If you’re reading this, you’re likely about to walk into your first day as a BigLaw summer associate. You have a new badge, a new laptop, a stack of orientation paperwork, and a stomach full of nerves. Welcome (back)!
About me
I’m Nyssa, a privacy and data security attorney at Perkins Coie, a first-generation lawyer, and the author of Mentor in Law—this Substack and a monthly column in Colorado Lawyer magazine. I’m also Co-Chair of NAPABA’s Data Security and Privacy Committee and the Denver City Lead for the Leadership Council on Legal Diversity (LCLD). For three years, I served on Perkins Coie’s summer associate committee, which means I’ve spent three full summers on the other side of the table—recruiting, evaluating, mentoring, and watching what separates the summer associates who get offers from the ones who don’t. This is the playbook I wish someone had handed me, so I hope it helps you.
How to use this
I’ve written this in two parts, and both are important in equal measure. The first is strategic, covering the scaffolding underneath the summer associate program: how the offer decision actually gets made, what partners are tracking before you’ve done any real work, and the quiet dynamics that shape how you’re perceived from day one. Once you can see the frame, the rest of the program makes more sense. The second part is tactical, covering the day-to-day—how to take an assignment, how to ask for feedback, how to track partner preferences, and more. You can read it in order, or keep the second half nearby and pull it up when something specific comes up.

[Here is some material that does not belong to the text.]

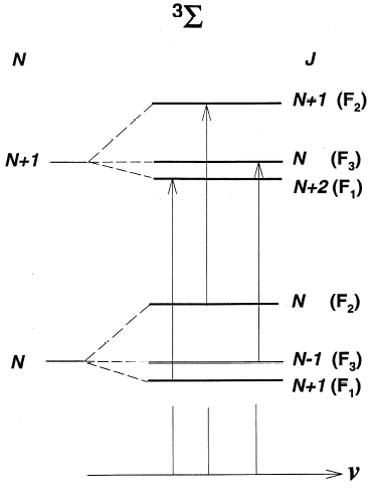 Triplet Sigma Energy Level Diagram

It's true that most BigLaw summer programs still have high offer rates, but the harder truth is that the small number of summer associates who don't get offers almost never lose them for legal skills. They lose them for professionalism, communication, judgment, or fit—the unspoken and unwritten rules of our profession. Those rules have always mattered, and they matter now more than ever. Summer classes are smaller than they were three years ago, callback-to-offer ratios have tightened, and the margin between a return offer and a quiet no-offer is thinner. This playbook aims to close the gap.
PART ONE: The Strategic Playbook
Below are five things to understand before you walk in. They are the unwritten rules of a BigLaw summer—the dynamics no one explains in orientation, the assumptions partners walk in with, and the patterns that, more often than not, separate the summer associates who get offers from the ones who don’t.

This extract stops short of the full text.